- **TASK BRIEF**:
Below are records with pictures. Reproduce exactly the lines from the line with "FISHER PRICE Easy" to the line with "New 2026 Buick", inclusive, and leave each picture out.

- **DATA RECORDS**:
[Start of Attachment]
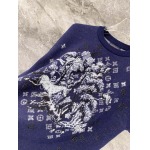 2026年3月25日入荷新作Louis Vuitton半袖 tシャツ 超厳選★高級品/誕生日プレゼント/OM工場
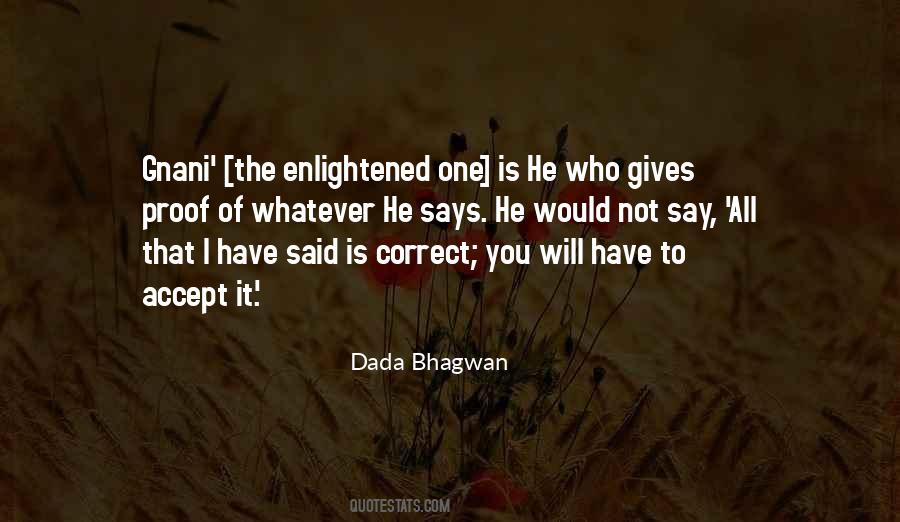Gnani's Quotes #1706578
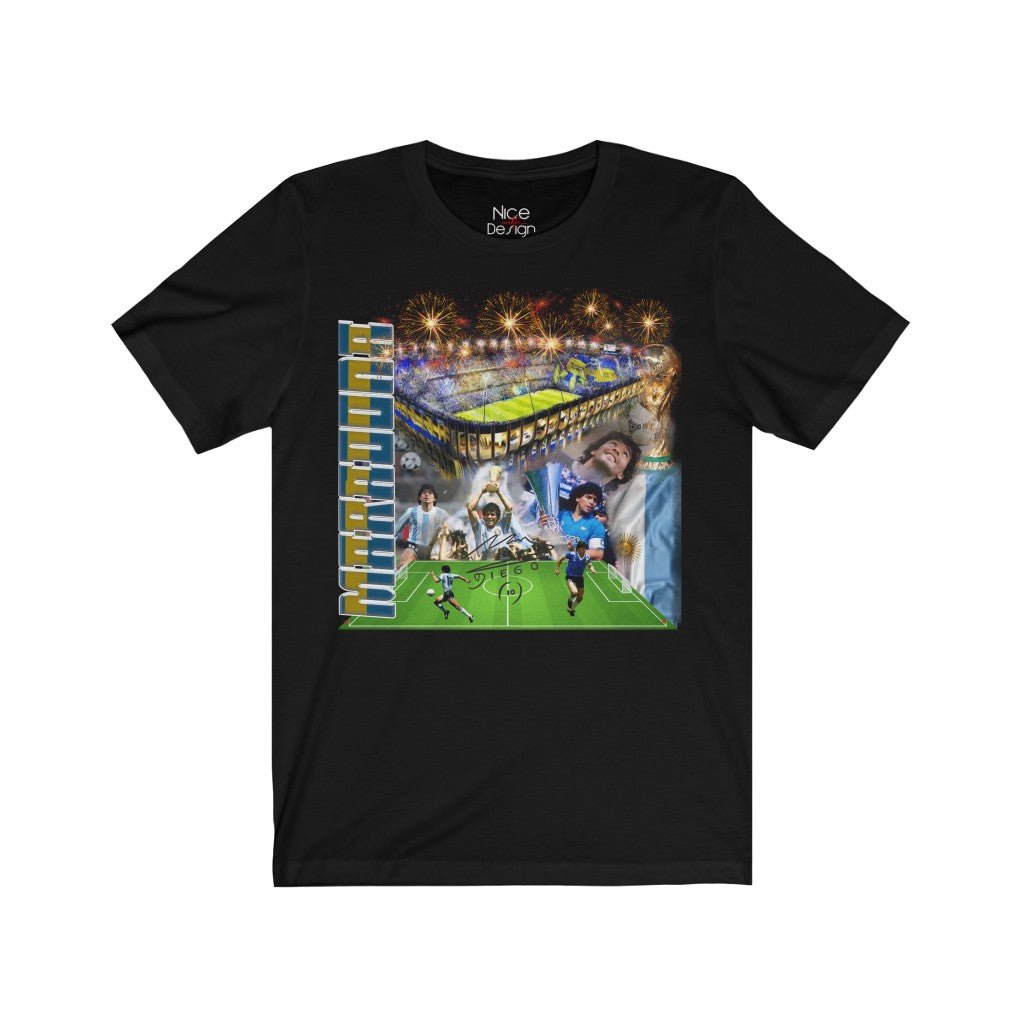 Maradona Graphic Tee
[End of Attachment]
[Start of Attachment]
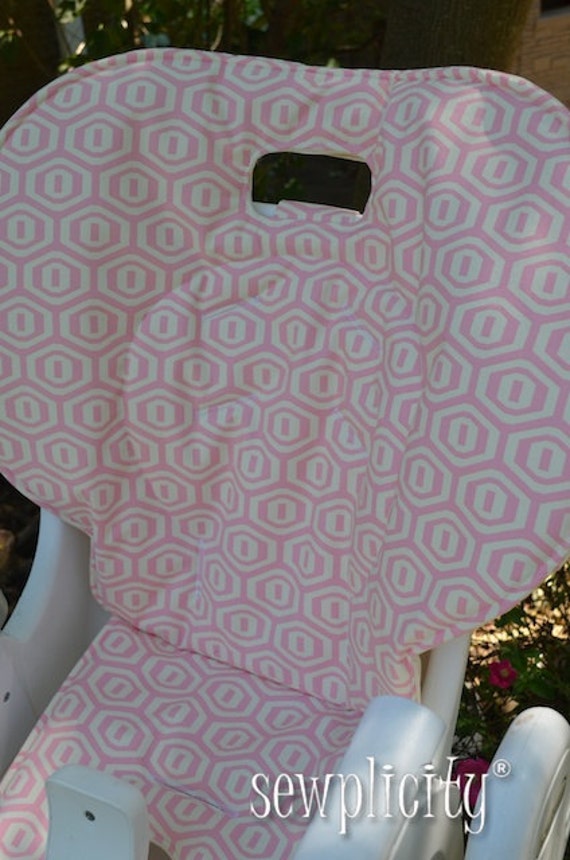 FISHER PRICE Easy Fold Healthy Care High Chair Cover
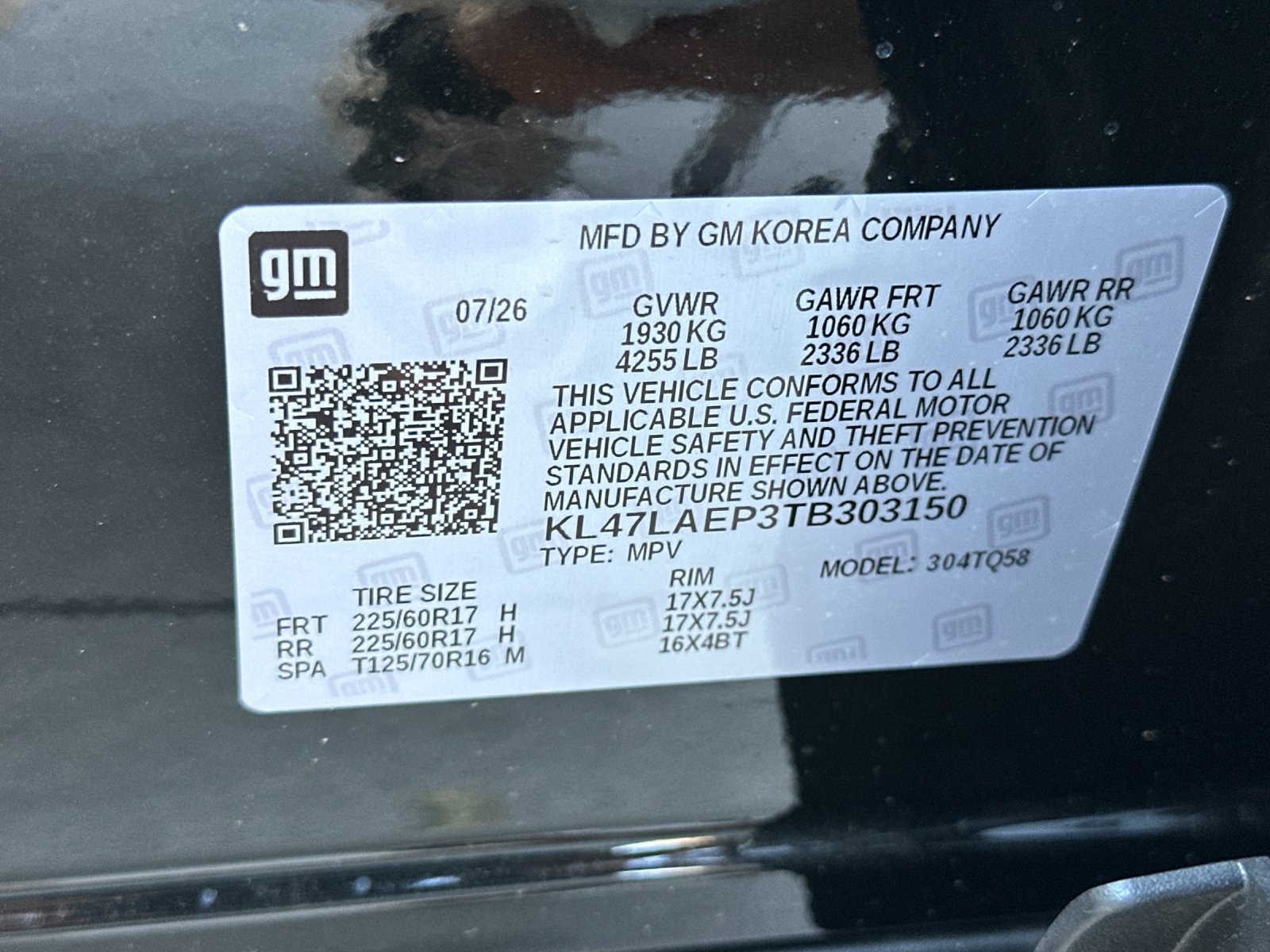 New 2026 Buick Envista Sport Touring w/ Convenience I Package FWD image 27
[End of Attachment]
[Start of Attachment]
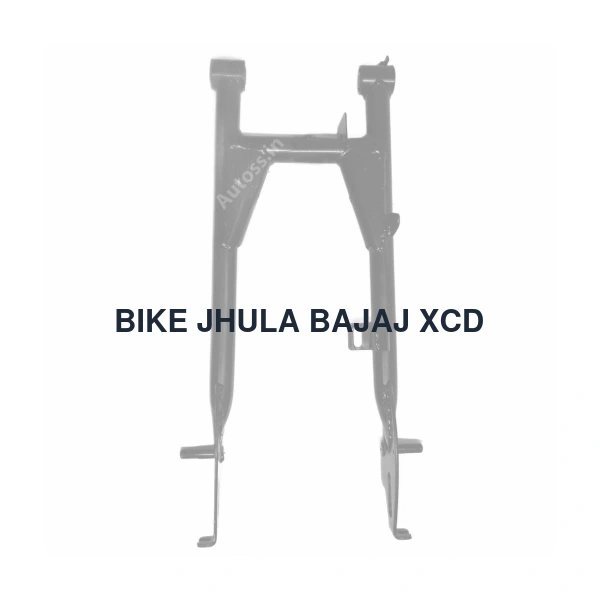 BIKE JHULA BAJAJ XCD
[End of Attachment]
- **SOLUTION FOR THIS EXERCISE**:
 FISHER PRICE Easy Fold Healthy Care High Chair Cover
 New 2026 Buick Envista Sport Touring w/ Convenience I Package FWD image 27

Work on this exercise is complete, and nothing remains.